US-backed ceasefire crumbles as Nagorno-Karabakh fighting resumes

Armenian Prime Minister Nikol Pashinyan said he did not believe Azerbaijan was interested in a peaceful resolution to the conflict.

HICRAN QULIYEVA stands in front of her house in Ganja, Azerbaijan, on Saturday, after it was hit by a rocket during the fighting over Nagorno-Karabakh.  (photo credit: REUTERS)
HICRAN QULIYEVA stands in front of her house in Ganja, Azerbaijan, on Saturday, after it was hit by a rocket during the fighting over Nagorno-Karabakh.
(photo credit: REUTERS)
A US-backed ceasefire in Nagorno-Karabakh was in jeopardy on Monday as Azerbaijan and ethnic Armenian forces renewed fighting in the mountain enclave, defying international efforts to end a conflict that has killed hundreds in the last month.

Azeri President Ilham Aliyev said in a televised address that he wanted to resolve the conflict "by political and military means" after both sides accused each other of breaking a truce agreed hours earlier in Washington.

Speaking live on Facebook later on Monday, Armenian Prime Minister Nikol Pashinyan said he did not believe Azerbaijan was interested in a peaceful resolution to the conflict. "The Armenian people are ready for mutual concessions, even painful ones, but not for the capitulation of Karabakh," he said.

The latest fighting in Nagorno-Karabakh, a mountainous part of Azerbaijan populated and controlled by ethnic Armenians, erupted on September 27 and is the worst in the South Caucasus since the 1990s. Two Russian-brokered ceasefires have failed to hold.

World powers want to prevent a wider war that might draw in Turkey, which voices strong support for Azerbaijan, and Russia, which has a defense pact with Armenia. The conflict, close to pipelines that carry Azeri oil and gas to international markets, has also strained relations between Ankara and its NATO allies.

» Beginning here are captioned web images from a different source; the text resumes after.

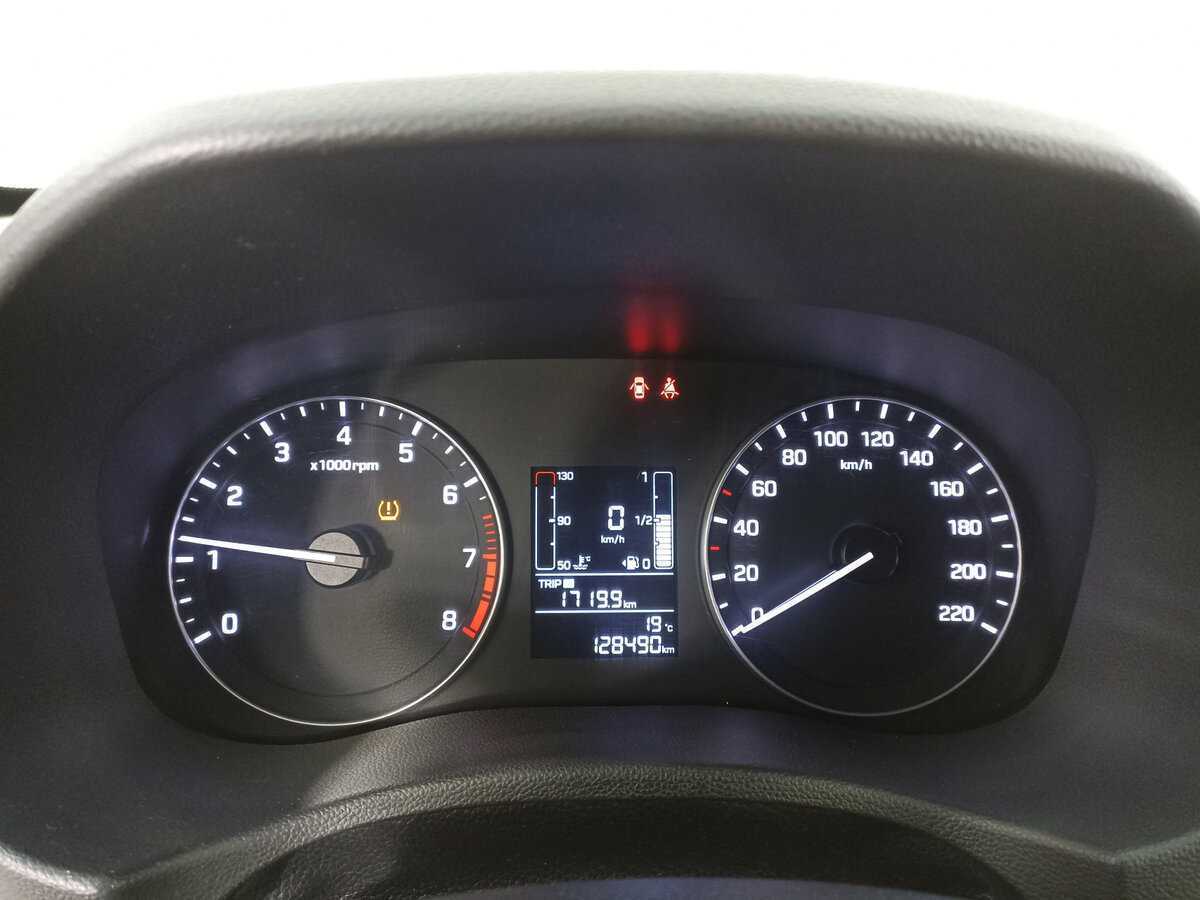 Hyundai Creta 2018 года с пробегом. Фото: #12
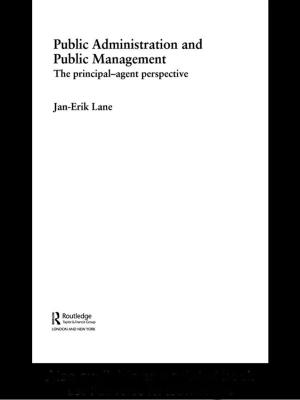 Cover of the book Public Administration & Public Management by Martin Gilbert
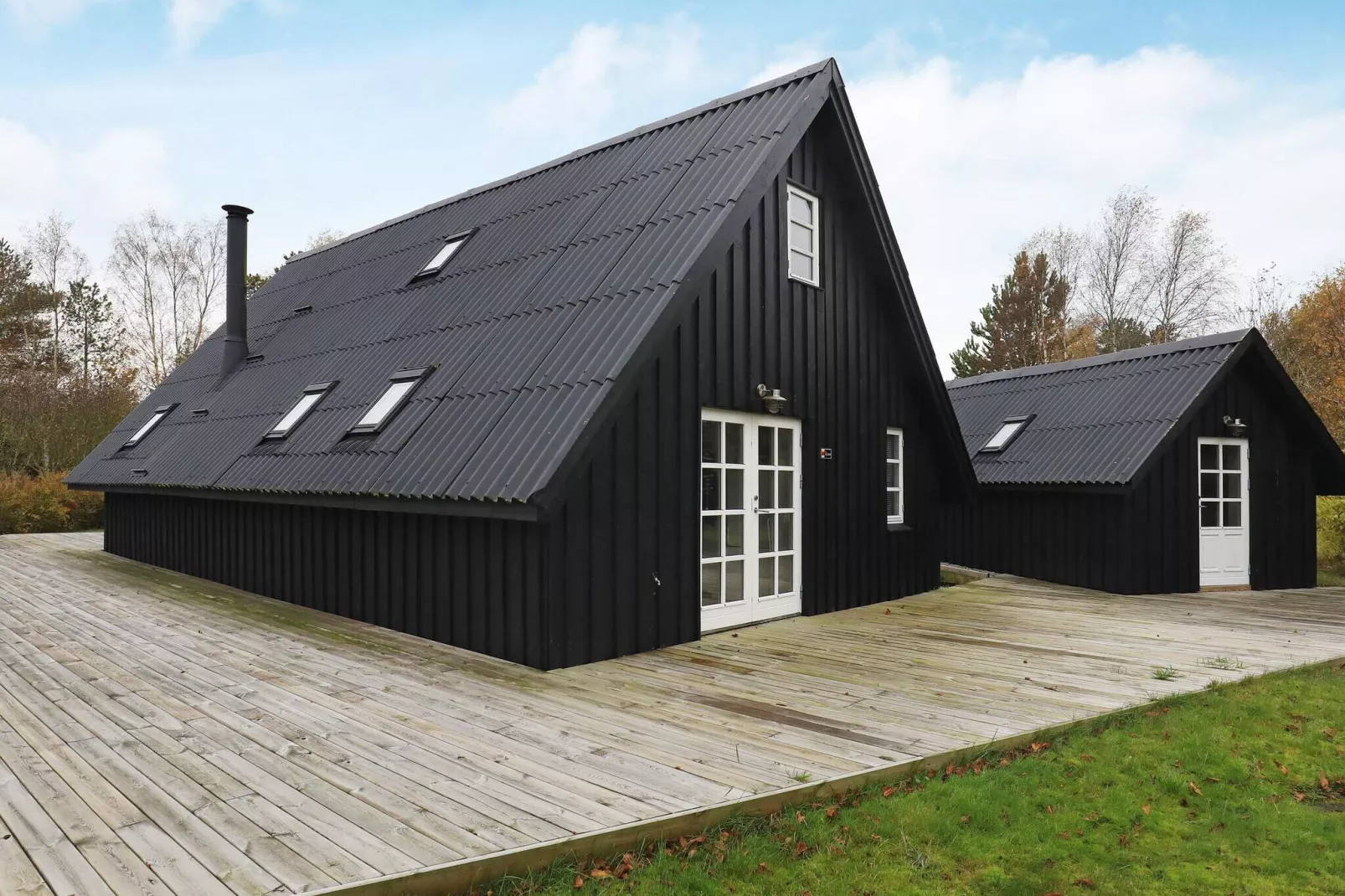 5 persoons vakantie huis in Hals-Uitzicht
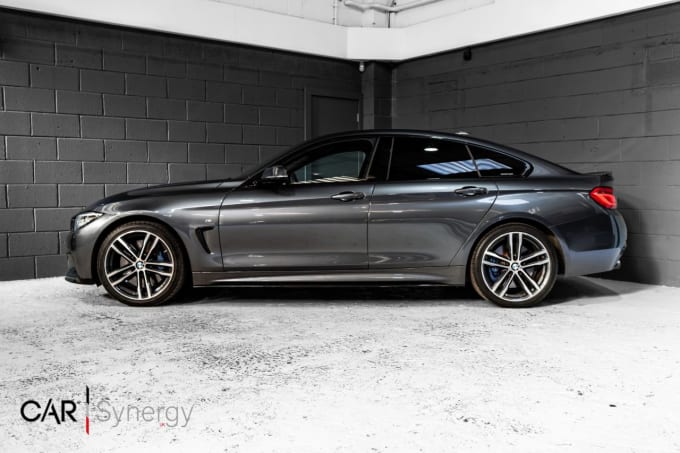 2025 BMW 4 Series Gran Coupe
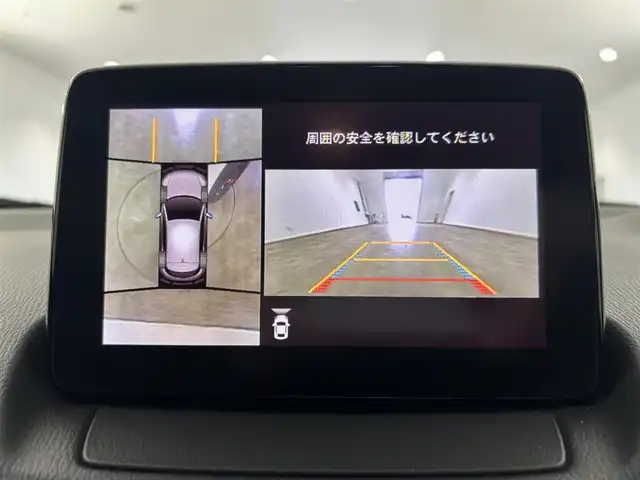 マツダ ＣＸ－３ XDプロアクティブSパッケージ 福島県 2018(平30)年 9.3万km スノーフレイクホワイトパールマイカ コーナーセンサー/・パークトロニック/・レーンキープアシスト/純正ナビゲーション/・Bluetooth/TV/CD/DVD/USB/AUX/・バックカメラ/・360°カメラ/ETC/前後ドライブレコーダー/パワーシート/・シートヒーター/BOSEスピーカー/スタッドレスタイヤ/・社外１６インチ/LEDライト/・フォグライト/プッシュスタート/・スマートキー/・オートライト/フロアマット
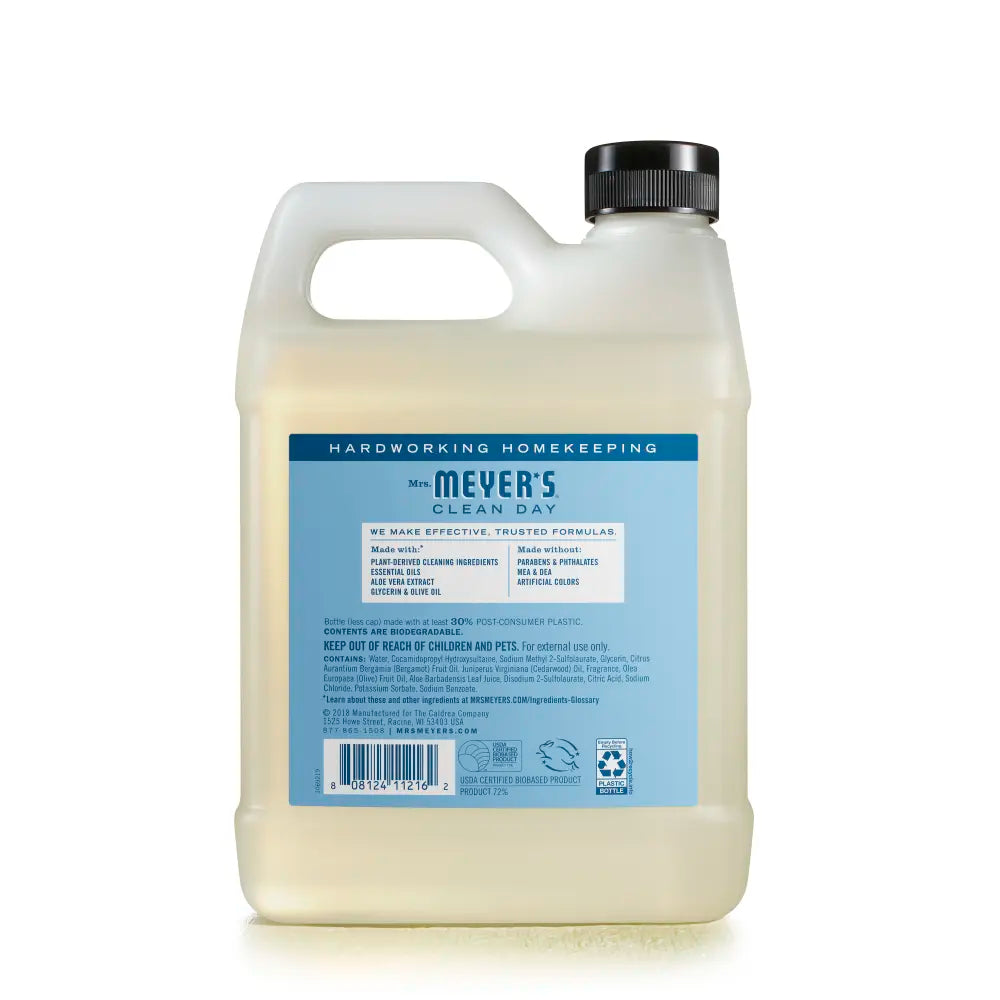 Rain Water Liquid Hand Soap Refill - Image 2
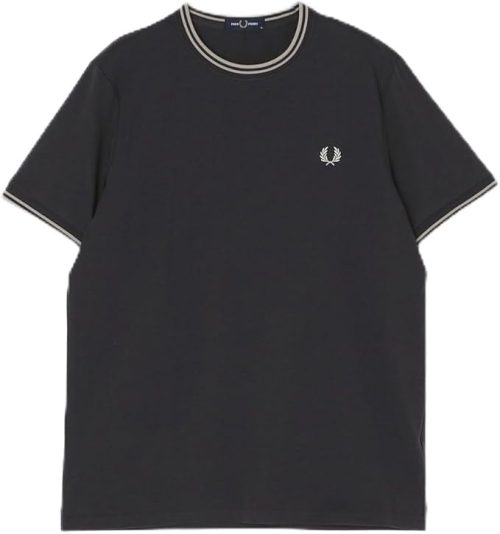 フレッドペリー(FRED PERRY) Twin Tipped T-Shirt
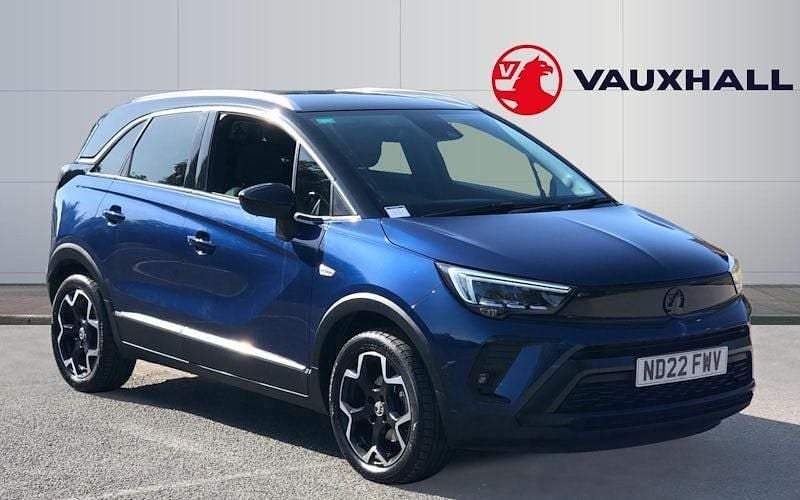 Used 2024 Vauxhall Crossland Ultimate SUV | £15,216 (Super price) - Image 1/4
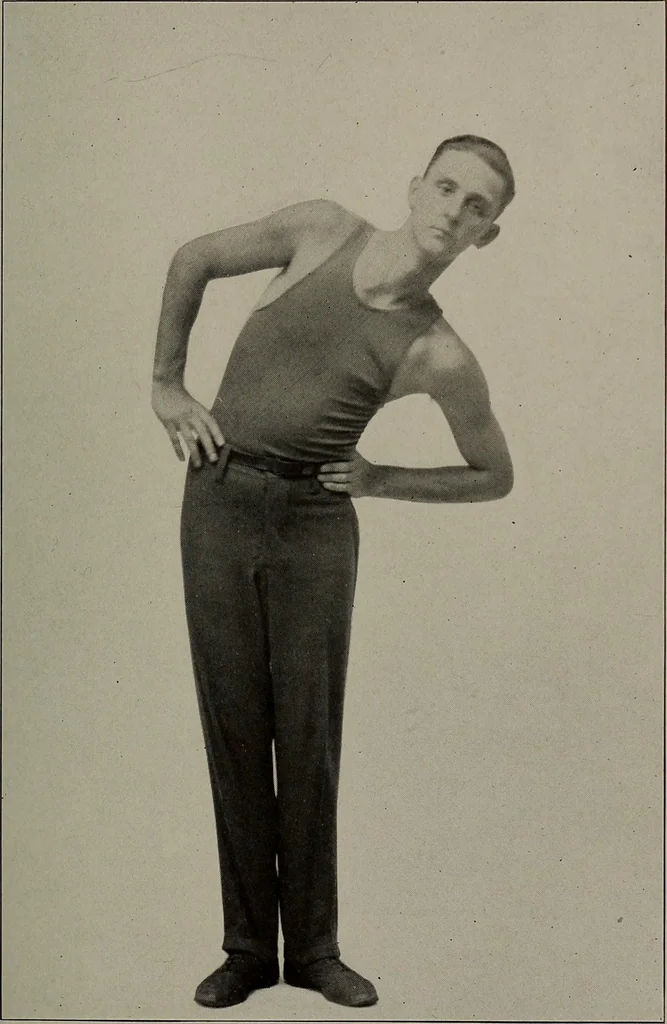 An illustration from Mental and physical ease and supremacy;, 1914, leaf 204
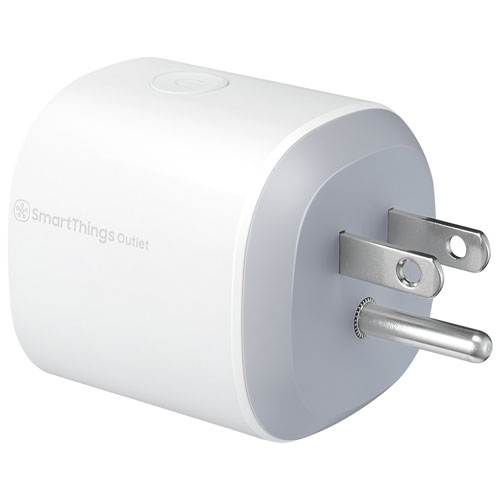 samsung SmartThings plug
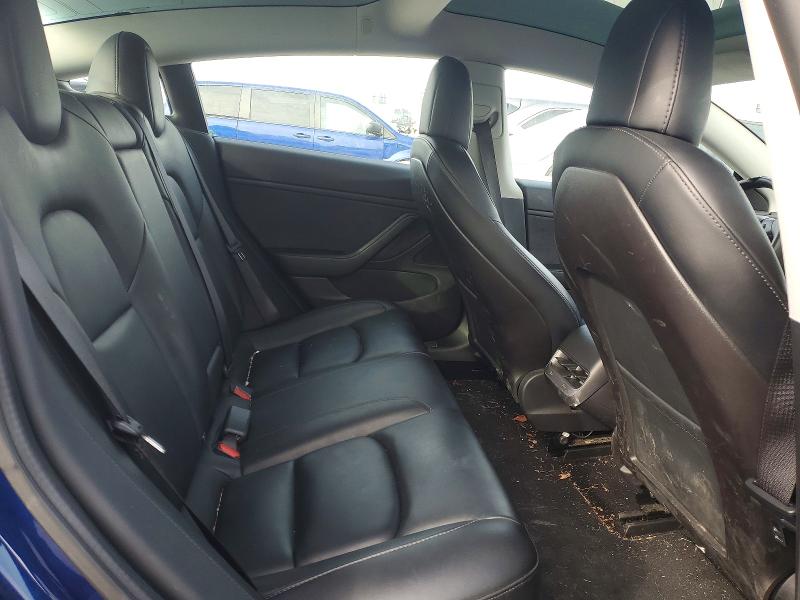Продажа на аукционе авто 2020 Tesla Model 3, vin: 5YJ3E1EB3LF620443, номер лота: 79067825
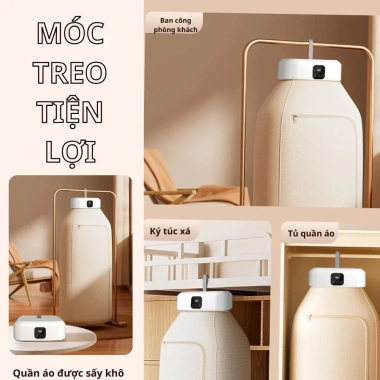 Thẻ Bảo Hành Khi Mua Tủ Sấy Quần Áo và Gia Dụng Giá 399.000 Bảo Lưu 12 Tháng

A third ceasefire since October 10 was agreed on Sunday after separate talks in Washington between US Secretary of State Mike Pompeo and the foreign ministers of Armenia and Azerbaijan.

Within minutes of its coming into force at 8 a.m. (0400 GMT), Azerbaijan's defense ministry said in a statement that Armenian forces had shelled villages in the Terter and Lachin regions, located at opposite ends of the conflict zone.

Authorities in Nagorno-Karabakh denied this.

Arayik Harutyunyan, president of the ethnic Armenian enclave, said in a statement that Azeri forces resumed attacks along the entire line of contact in the second half of the day.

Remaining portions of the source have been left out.